Kirith Kirin (The City Behind the Stars)
Page 17
“Why does that make so much difference?”
“It’s a dreadful calamity, to love a magician.”
“Be careful, sister,” Vella warned, running her hand through the lovely fabric she was weaving.
“I know what I’m doing.”
“I hope you do,” Vella said evenly. “There’s nothing to be gained from saying too much.” She went back to her weaving.
“Don’t dwell on this too much, child,” Commyna said, her fingers moving briskly to tie off her thread. “He’ll make his peace with you in time.” She was tidying up her work area as if she meant to leave it for a while, and I guessed from her preparations she would be my teacher for today.
When she beckoned me to follow her I did. Vella and Vissyn said pleasant good-byes to us, the sort that would serve as well if I did not come back for an hour or a year.
To tell the truth, it would have been hard to say which was closer. I had thought my training stringent before. Now I began to understand just what the women meant when they talked about hard work.

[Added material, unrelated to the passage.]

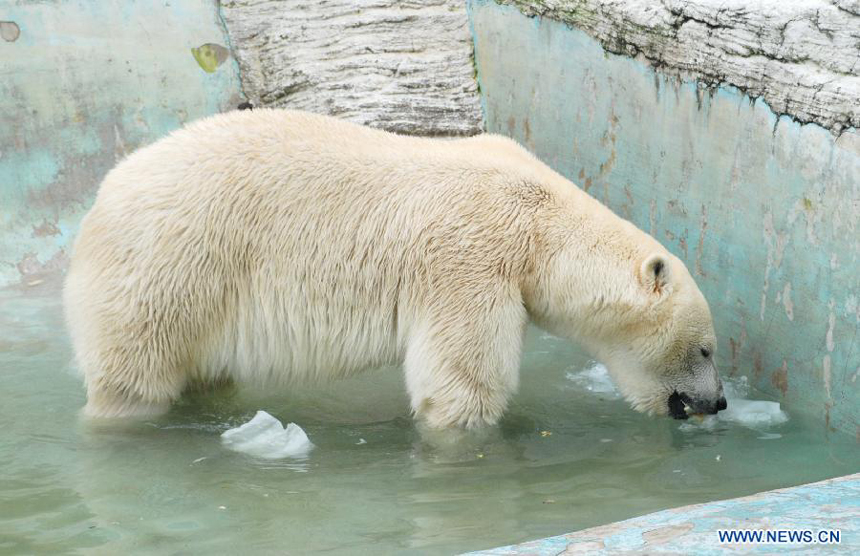 A polar bear eats an ice cake to avoid a sustained hot weather in Dalian Forest Zoo of Dalian City, northeast China&apos;s Liaoning Province, Aug. 13, 2012.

Sixth-level applications are different from seventh-level training, more difficult than the simple progression from the lower to the higher circle would imply. Many a respectable wizard never works out of the sixth level and much powerful magic can be done using the applications of this circle. My training began with fire.
Commyna took me to a stone circle and sat me down. She turned away and spoke a Word, and before I knew it flame was rising all around me.

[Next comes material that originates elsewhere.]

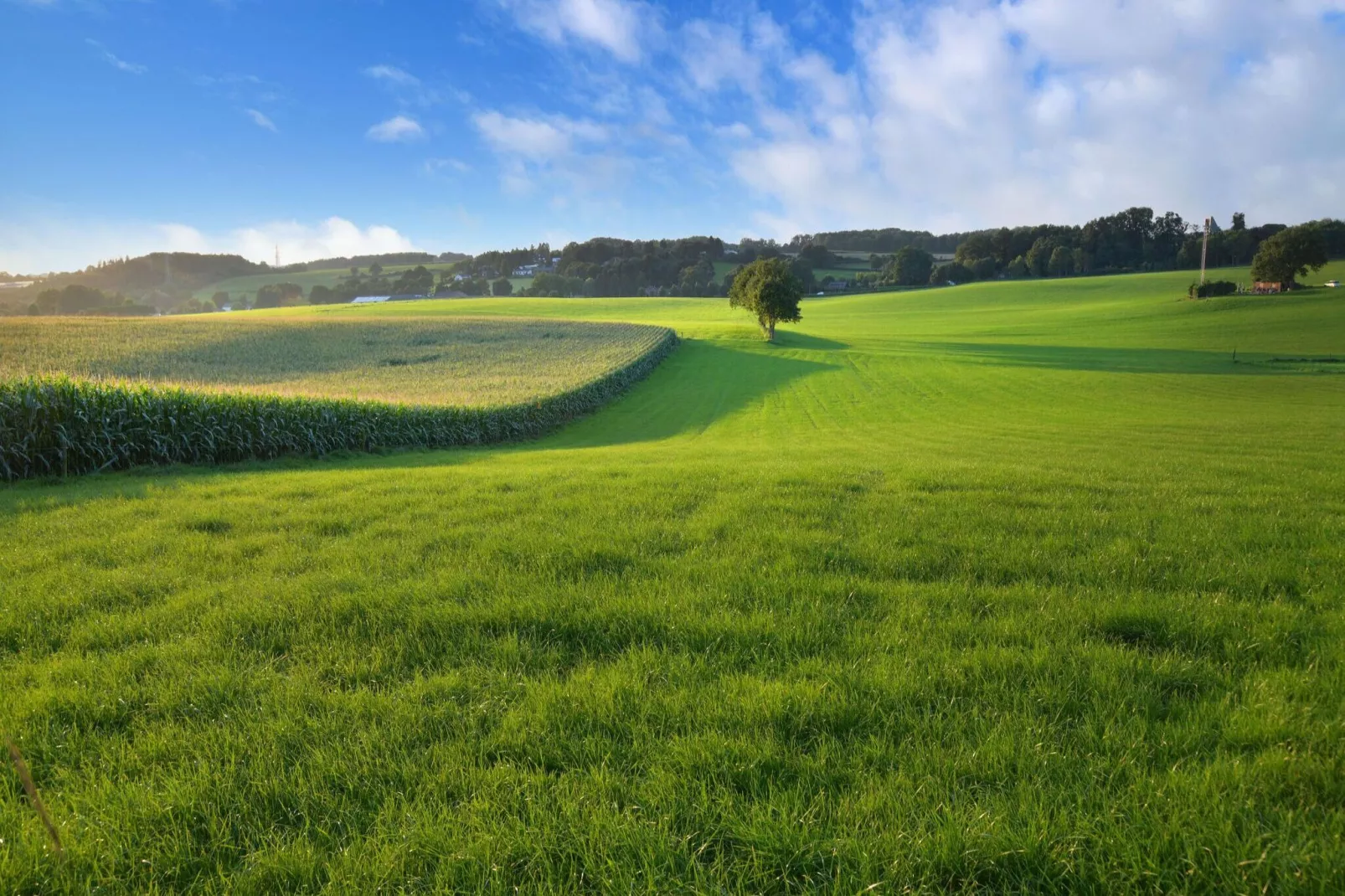 Hoeve A Gen Water- Donderblumke-Areas summer 5km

I had learned to remove my body from harm in such a circumstance already, and did so quickly, suffering no more than a few singed hairs. I sat in the fire, tasting the feelings of it as I pleased. Commyna, from a place beyond the flames, watched me with keen interest.

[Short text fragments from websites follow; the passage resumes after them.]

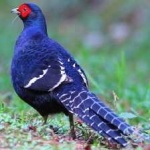 image of bird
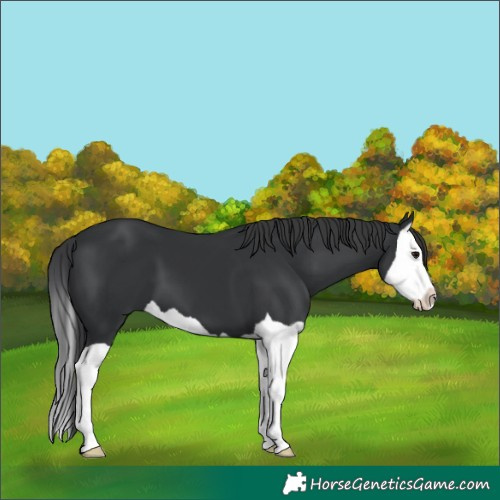 Horse Color:Black Splash 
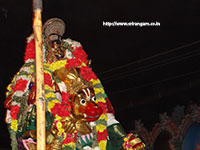 Srirangam Renganathar Kudhiri (Horse) Vaganam Photos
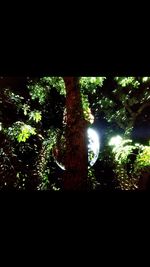 Low angle view of trees at night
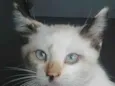 Manchinha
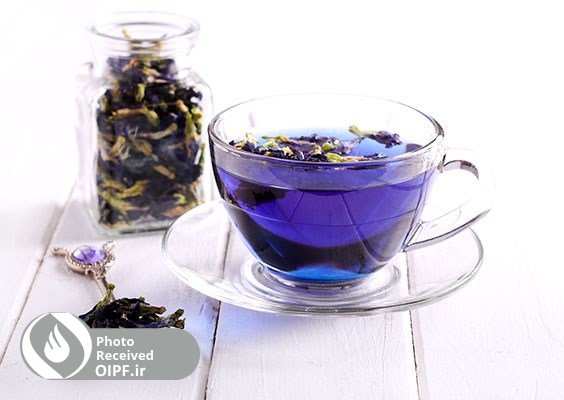 مطالب آموزشی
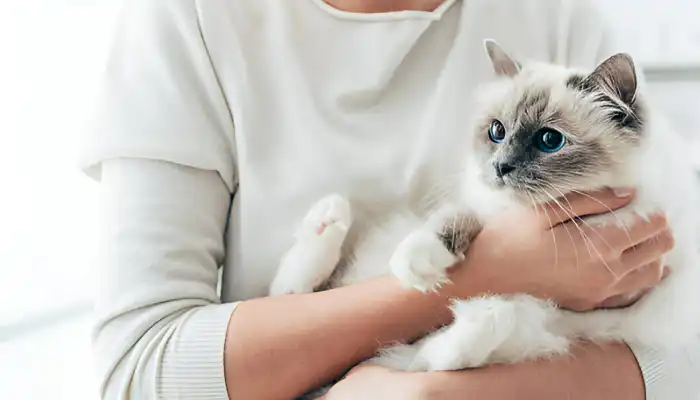 Best Cat Translator Apps and Features Best Cat Translator Apps and Features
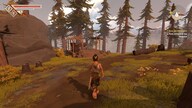 Pine - Steam - Gift EUROPE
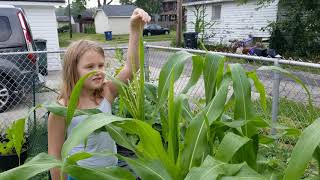 Happy 4th of July! Morning garden tour.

“Do you hear it?” she asked.
“I hear the wind rushing through it,” I said.
“There’s another sound, in harmony with the wind. That part is the fire. The fire is all music, all plucked strings. So are you. You’ll have to learn to hear it.”
She tested me with fire in other ways. I walked over coals and even lay down on them, as I had already learned to do. She had to help with the new pathways for the fire, leading it through and around me, but when she did I could hold my place. Without ever questioning her I understood she was making sure I knew what I was doing, before we progressed to other phases of fire-work.
Fire can be used to move power, to amplify Words, and when used for that purpose is referred to as a device. Moreover, the fire is a source of strength as well, due to the state of the burning matter, which makes a more violent music than a breath of wind. Other devices are more efficient as amplifiers or points of focus, like precious metals, gems, stones, and runes, but they are much harder to tap as sources of strength. They are made of music as well, but a harder sound to hear.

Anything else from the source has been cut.